Hooks allow project-level automation without manual intervention: they can be triggered periodically, by cron, or by task lifecycle events (via the EventBus). Each hook defines context-gathering steps, an LLM prompt template, and cooldown/budget limits to prevent runaway costs. See specs/hooks.md.

HookRun dataclass

HookRun(id: str, hook_id: str, project_id: str, trigger_reason: str, status: str = 'running', event_data: str | None = None, context_results: str | None = None, prompt_sent: str | None = None, llm_response: str | None = None, actions_taken: str | None = None, skipped_reason: str | None = None, tokens_used: int = 0, started_at: float = 0.0, completed_at: float | None = None)

A single execution record of a Hook.

Captures the full lifecycle of one hook invocation: why it fired (trigger_reason), what context was gathered, what prompt was sent to the LLM, and what actions resulted. Used for auditing and debugging hook behavior.

PhaseResult

Bases: Enum

Outcome of a single completion pipeline phase.

CompletionPhase dataclass

CompletionPhase(name: str, builtin: bool = True, blocking: bool = True)

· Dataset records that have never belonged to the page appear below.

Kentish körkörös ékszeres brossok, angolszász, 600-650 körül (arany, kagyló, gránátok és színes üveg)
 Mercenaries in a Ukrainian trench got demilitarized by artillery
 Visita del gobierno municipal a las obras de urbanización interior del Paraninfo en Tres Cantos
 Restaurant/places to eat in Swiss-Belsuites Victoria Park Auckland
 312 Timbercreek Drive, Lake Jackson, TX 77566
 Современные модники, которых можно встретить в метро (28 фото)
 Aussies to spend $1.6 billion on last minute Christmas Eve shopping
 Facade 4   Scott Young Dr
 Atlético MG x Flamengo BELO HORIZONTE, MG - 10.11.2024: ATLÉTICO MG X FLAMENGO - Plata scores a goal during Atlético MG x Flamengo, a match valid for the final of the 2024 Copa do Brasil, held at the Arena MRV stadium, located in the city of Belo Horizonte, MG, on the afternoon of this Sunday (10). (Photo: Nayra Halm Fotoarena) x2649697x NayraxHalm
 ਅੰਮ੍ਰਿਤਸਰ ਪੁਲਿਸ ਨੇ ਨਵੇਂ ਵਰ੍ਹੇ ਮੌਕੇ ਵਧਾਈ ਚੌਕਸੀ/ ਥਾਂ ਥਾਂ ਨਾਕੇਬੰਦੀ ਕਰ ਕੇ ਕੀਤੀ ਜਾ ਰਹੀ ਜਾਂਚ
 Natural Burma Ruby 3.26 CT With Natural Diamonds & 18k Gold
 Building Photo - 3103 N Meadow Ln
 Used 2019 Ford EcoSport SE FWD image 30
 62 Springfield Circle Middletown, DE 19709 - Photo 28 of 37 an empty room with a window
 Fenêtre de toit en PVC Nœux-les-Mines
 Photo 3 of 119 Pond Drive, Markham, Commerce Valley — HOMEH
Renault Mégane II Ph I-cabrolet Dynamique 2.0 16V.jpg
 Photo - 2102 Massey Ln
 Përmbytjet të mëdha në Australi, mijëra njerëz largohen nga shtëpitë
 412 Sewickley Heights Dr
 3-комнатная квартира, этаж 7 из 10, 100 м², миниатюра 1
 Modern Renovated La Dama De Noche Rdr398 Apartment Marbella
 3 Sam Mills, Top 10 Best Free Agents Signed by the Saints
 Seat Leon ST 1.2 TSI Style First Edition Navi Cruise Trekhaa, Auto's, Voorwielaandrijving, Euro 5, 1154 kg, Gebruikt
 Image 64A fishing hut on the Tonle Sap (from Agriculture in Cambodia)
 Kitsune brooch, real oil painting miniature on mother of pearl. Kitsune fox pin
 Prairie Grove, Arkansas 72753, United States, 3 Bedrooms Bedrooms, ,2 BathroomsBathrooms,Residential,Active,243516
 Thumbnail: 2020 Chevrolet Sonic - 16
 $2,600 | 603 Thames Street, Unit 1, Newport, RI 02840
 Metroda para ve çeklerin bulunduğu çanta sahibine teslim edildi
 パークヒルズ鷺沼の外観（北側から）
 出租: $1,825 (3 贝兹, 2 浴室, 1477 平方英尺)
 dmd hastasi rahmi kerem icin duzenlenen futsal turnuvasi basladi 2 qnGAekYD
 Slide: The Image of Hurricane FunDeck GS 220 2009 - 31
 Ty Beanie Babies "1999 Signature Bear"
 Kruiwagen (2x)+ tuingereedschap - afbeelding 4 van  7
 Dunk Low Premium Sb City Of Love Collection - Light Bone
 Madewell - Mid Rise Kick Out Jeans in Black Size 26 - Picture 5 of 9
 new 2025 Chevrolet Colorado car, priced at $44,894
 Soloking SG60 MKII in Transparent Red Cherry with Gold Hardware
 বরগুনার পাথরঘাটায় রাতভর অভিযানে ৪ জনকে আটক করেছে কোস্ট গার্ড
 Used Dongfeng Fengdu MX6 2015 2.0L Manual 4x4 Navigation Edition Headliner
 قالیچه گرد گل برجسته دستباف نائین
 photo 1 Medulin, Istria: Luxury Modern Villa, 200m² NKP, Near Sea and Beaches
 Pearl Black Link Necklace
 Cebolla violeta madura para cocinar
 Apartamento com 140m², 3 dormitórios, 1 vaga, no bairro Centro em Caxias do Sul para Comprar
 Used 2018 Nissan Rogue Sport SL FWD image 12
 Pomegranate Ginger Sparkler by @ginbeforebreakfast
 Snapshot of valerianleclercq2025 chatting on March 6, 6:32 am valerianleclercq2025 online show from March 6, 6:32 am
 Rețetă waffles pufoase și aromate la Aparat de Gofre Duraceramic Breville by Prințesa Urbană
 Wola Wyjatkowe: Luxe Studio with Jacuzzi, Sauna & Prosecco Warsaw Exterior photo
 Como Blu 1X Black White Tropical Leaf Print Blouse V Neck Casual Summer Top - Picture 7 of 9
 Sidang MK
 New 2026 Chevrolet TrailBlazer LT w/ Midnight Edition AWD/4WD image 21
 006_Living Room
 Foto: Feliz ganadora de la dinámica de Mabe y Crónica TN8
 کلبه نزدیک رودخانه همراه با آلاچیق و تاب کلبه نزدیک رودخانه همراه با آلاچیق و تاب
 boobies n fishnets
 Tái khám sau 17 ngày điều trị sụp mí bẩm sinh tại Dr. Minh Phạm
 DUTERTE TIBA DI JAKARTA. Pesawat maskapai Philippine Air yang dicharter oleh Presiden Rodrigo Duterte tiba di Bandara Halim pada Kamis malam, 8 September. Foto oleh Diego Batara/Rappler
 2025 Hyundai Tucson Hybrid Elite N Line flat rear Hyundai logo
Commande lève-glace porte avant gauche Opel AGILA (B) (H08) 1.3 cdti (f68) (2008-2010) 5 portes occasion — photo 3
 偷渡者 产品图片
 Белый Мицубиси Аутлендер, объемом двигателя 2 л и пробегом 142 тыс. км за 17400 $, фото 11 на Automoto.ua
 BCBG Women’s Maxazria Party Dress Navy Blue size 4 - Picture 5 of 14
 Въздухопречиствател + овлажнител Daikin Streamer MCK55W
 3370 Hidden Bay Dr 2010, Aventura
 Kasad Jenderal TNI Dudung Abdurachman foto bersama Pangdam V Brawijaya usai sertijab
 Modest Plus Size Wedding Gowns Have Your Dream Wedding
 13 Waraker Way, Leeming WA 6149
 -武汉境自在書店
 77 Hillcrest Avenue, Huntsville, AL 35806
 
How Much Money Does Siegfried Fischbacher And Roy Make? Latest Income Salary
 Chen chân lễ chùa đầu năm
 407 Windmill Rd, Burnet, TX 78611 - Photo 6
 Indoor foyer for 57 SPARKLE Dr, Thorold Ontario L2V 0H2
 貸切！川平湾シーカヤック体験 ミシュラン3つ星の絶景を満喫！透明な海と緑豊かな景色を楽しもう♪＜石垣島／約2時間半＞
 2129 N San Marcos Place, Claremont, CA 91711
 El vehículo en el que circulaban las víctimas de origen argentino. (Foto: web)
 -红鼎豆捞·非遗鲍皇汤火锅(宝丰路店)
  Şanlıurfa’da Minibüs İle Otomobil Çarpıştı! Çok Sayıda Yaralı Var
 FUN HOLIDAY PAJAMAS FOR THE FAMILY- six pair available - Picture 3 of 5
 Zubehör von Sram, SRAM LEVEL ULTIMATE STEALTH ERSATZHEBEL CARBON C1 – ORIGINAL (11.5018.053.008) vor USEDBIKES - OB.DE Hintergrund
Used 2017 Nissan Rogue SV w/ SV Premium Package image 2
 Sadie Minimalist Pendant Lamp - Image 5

Descriptor for one phase in the completion pipeline.

PipelineContext dataclass

PipelineContext(task: Task, agent: Agent, output: AgentOutput, workspace_path: str | None, workspace_id: str | None, repo: RepoConfig | None, default_branch: str = 'main', project: Project | None = None, pr_url: str | None = None)

Passed through each phase of the completion pipeline.